In many ways, this makes me the perfect audience for Pearlman's book. It also helps that I've been a longtime reader of his work, including an early look at his Bo Jackson biography and the time I read nearly every page of his Showtime Lakers book in one day of jury duty. Pearlman, who, as you can see, has made his living as a sportswriter, seems like an unlikely candidate for writing about hip-hop history, but what he brings to the project is a few decades of high journalistic standards. He interviewed over 600 people for the project, retraced Tupac's steps all over the country, and tried to find the truth in the endless sea of misinformation - as he did so well in the Bo Jackson book, which is, fittingly, titled The Last Folk Hero. Hell, just the prologue of Only God Can Judge Me, a story about not only reunions and redemptions, but journalistic instinct and unrelenting research and his partnership with a world-class genealogist, made me cry. Not tear up, cry cry.


A lot of Pearlman's book gave me chills, though that was not always a credit to the writing. For a few years, Tupac lived in Baltimore, a city that I now call home. I live about five minutes away from his teenhood home. My first apartment looked over the Baltimore School for the Arts, which Tupac attended for two years. I read Pearlman's account of his miserable experience at his first high school, Paul Laurence Dunbar, during my lunch breaks teaching at Dunbar. The biography felt real to me in a way that most books simply can't. This, of course, is a mix of both happenstance and my affinity for Pearlman's writing.

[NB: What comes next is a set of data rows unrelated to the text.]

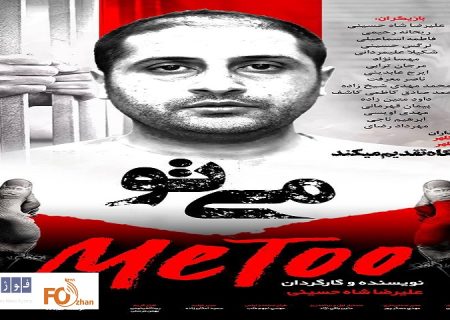 از پوستر«می تو» رونمایی شد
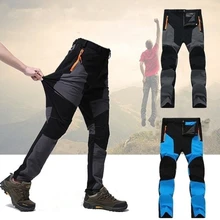 Мужские уличные водонепроницаемые походные брюки для альпинизма, кемпинга, скалолазания, тонкие быстросохнущие штаны для рыбалки, дышащие спортивные длинные штаны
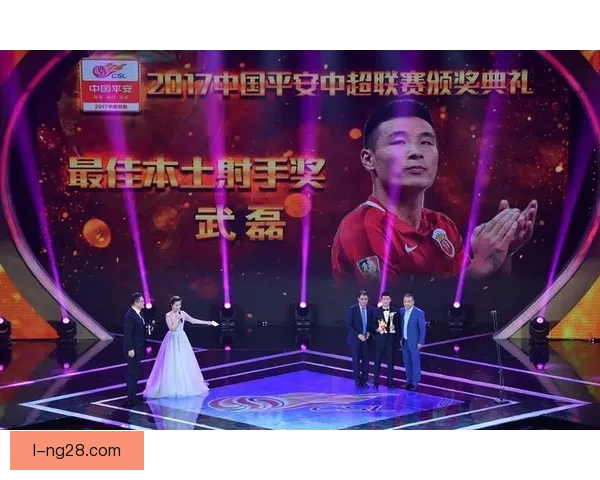武磊当选中超三月最佳球员见证本土射手王归来点燃新赛季争冠格局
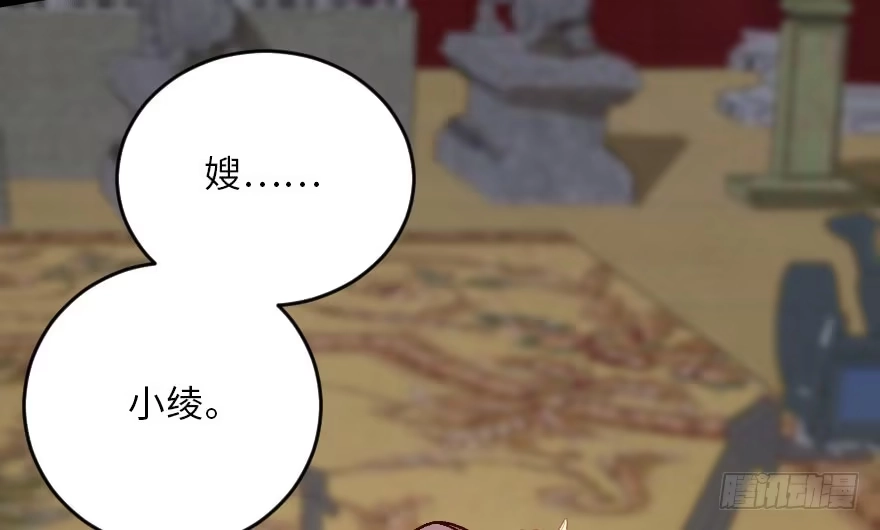 《重生娱乐圈：天后归来》117 第6页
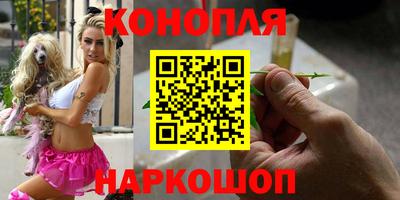 PSILOCYBIN Ливны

As Tupac's career began, those feelings obviously dissipated, but I enjoyed the well-researched portrayal. Most of this was new to me, and while I can't accurately say whether or not Pearlman achieved his goal of writing the definitive Tupac biography, I believe he's made a strong case. I would imagine that people who think that they know the whole history will still find something new in this book. Those with bad attitudes about the biography may never be convinced, and pre-existing readers like myself may be more inclined to read it with an open mind - I am, after all, already looking forward to the next Pearlman project.